Architecture
speech-swift is organized as a modular Swift package with shared protocols, independent model modules, and a unified CLI. All inference runs on-device using MLX (Metal GPU) or CoreML (Neural Engine).
Module Dependency Graph
┌──────────┐
│ AudioCLI │ (entry point)
└────┬─────┘
│
┌──────┴──────┐
│ AudioCLILib │ (commands)
└──────┬──────┘
│
┌─────────┬───────┼───────┬──────────┬──────────────┐
│ │ │ │ │ │
┌────┴───┐ ┌──┴──┐ ┌──┴──┐ ┌─┴────┐ ┌───┴────┐ ┌──────┴───────┐
│Qwen3ASR│ │Qwen3│ │Cosy │ │Perso-│ │Speech- │ │ Speech- │
│Parakeet│ │ TTS │ │Voice│ │naPlex│ │ VAD │ │Enhancement │
└────┬───┘ └──┬──┘ └──┬──┘ └──┬───┘ └───┬───┘ └──────┬───────┘
│ │ │ │ │ │
└────────┴───────┼───────┴─────────┘ │
│ │
┌──────┴──────┐ │
│ Qwen3Common │ (shared layers) │
└──────┬──────┘ │
│ │
┌──────┴──────┐ │
│ AudioCommon │ ◄──────────────────────┘
└─────────────┘ (protocols, audio I/O)Inference Backends
| Backend | Hardware | Models |
|---|---|---|
| MLX | Metal GPU | Qwen3-ASR, Qwen3-TTS, CosyVoice3, PersonaPlex, Pyannote, Silero VAD, WeSpeaker |
| CoreML | Neural Engine | Qwen3-ASR encoder (hybrid), Parakeet TDT, Kokoro-82M, Sortformer diarization, DeepFilterNet3, Silero VAD (optional), WeSpeaker (optional) |
| Accelerate | CPU (SIMD) | Audio preprocessing (STFT, mel, FFT), signal processing |
Model Weight Format
MLX models use safetensors format with 4-bit or 8-bit quantization (group size 64). CoreML models use .mlmodelc compiled format. Conversion scripts in scripts/ convert from PyTorch checkpoints.

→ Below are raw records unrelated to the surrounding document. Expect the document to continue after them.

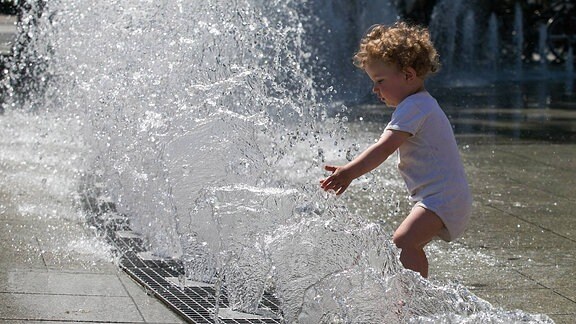 Ein Kleinkind spielt an einem Springbrunnen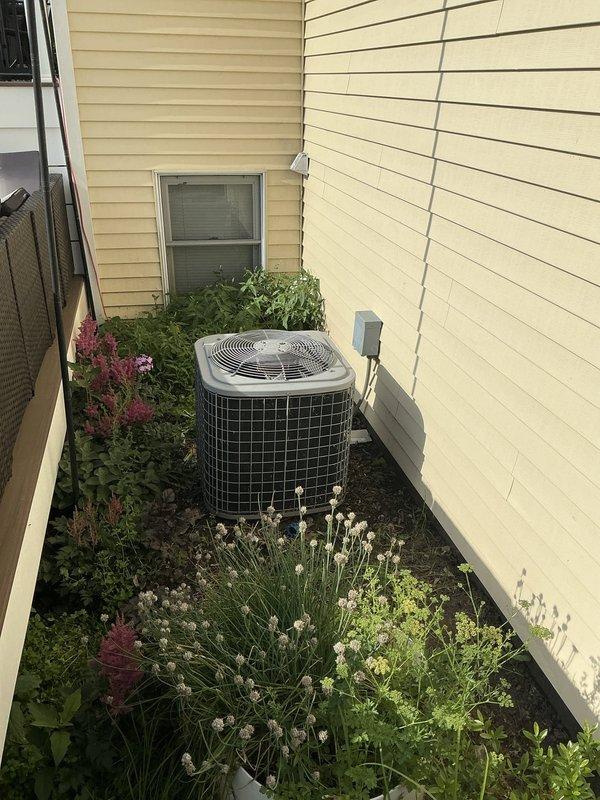 Responded to service call for 16-year-old residential air conditioning system blowing lukewarm air with inadequate cooling performance. Conducted comprehensive system evaluation including inspection of outdoor condenser unit and indoor air handler components in utility room. Documented existing equipment configuration and mechanical space layout showing HVAC ductwork, humidifier accessory, and associated plumbing connections. Prepared estimate for necessary repairs to restore proper cooling function to the system.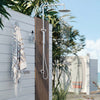 Meir outdoor shower mounted on a weatherboard wall
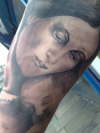 Mother and child from sleeve tattoo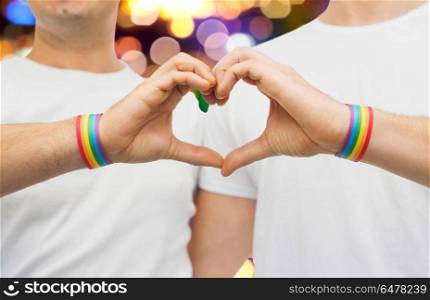 lgbt, same-sex love and homosexual relationships concept - close up of happy male couple wearing gay pride rainbow awareness wristbands showing hand heart gesture over lights background. gay couple with rainbow wristbands and hand heart. gay couple with rainbow wristbands and hand heart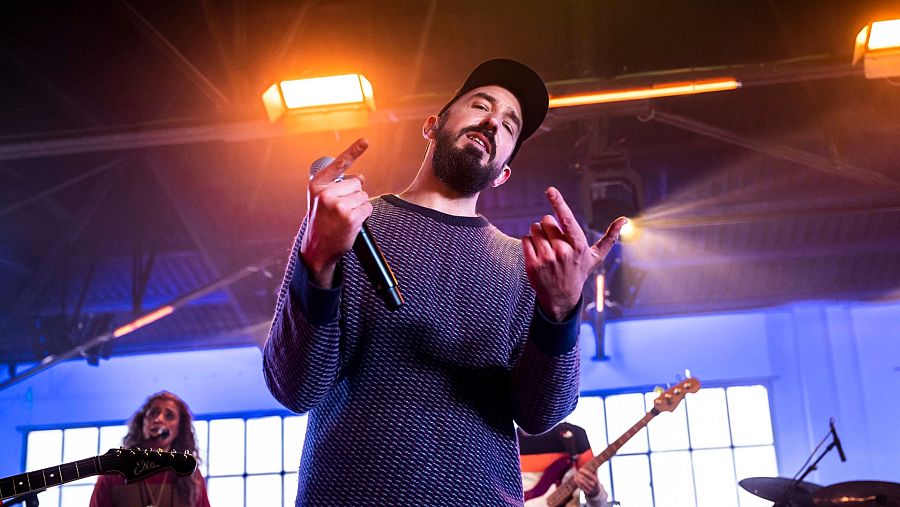 Rodrigo Laviña en primer pla amb una gorra i el micro a la mà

| Model | Params | Quantization | Size on Disk |
|---|---|---|---|
| Qwen3-ASR 0.6B (MLX) | ~600M | 4-bit / 8-bit | 680 MB / 1.0 GB |
| Qwen3-ASR 0.6B (CoreML) | ~186M (encoder) | INT8 | ~180 MB |
| Qwen3-ASR 1.7B (MLX) | ~1.7B | 4-bit / 8-bit | 2.1 GB / 3.2 GB |
| Parakeet-TDT 0.6B (CoreML) | ~600M | INT4 / INT8 | 315 MB / 500 MB |
| Qwen3-ForcedAligner 0.6B (MLX) | ~600M | 4-bit / 8-bit | 979 MB / 1.4 GB |
| Qwen3-ForcedAligner 0.6B (CoreML) | ~600M | INT4 / INT8 | 630 MB / 1.0 GB |
| Qwen3-TTS 0.6B (MLX) | ~600M | 4-bit / 8-bit | 1.7 GB / 2.4 GB |
| Qwen3-TTS 1.7B (MLX) | ~1.7B | 4-bit / 8-bit | 3.2 GB / 4.8 GB |
| CosyVoice3 0.5B (MLX) | ~500M | 4-bit LLM | ~1.2 GB |
| Kokoro-82M (CoreML) | 82M | float16 | ~325 MB |
| PersonaPlex 7B (MLX) | ~7B | 4-bit / 8-bit | 4.9 GB / 9.1 GB |
| Pyannote VAD (MLX) | ~1.49M | float32 | ~5.7 MB |
| Silero VAD v5 | ~309K | float32 | ~1.2 MB (MLX & CoreML) |
| WeSpeaker ResNet34 | ~6.6M | float32 | ~25 MB (MLX & CoreML) |
| Sortformer (CoreML) | — | float16 | ~50 MB |
| DeepFilterNet3 (CoreML) | ~2.1M | FP16 | ~4.2 MB |
Performance Optimizations
- MLX compile() — Kernel fusion for autoregressive loops. Talker uses
compile(shapeless: true), Code Predictor usescompile(shapeless: false)with fixed cache sizes. - Metal shader library — Pre-compiled metallib avoids ~5x JIT compilation overhead. Built via
scripts/build_mlx_metallib.sh. - Chunked codec decode — TTS decoder processes audio in 25-frame chunks with 10-frame context overlap to avoid GPU timeout.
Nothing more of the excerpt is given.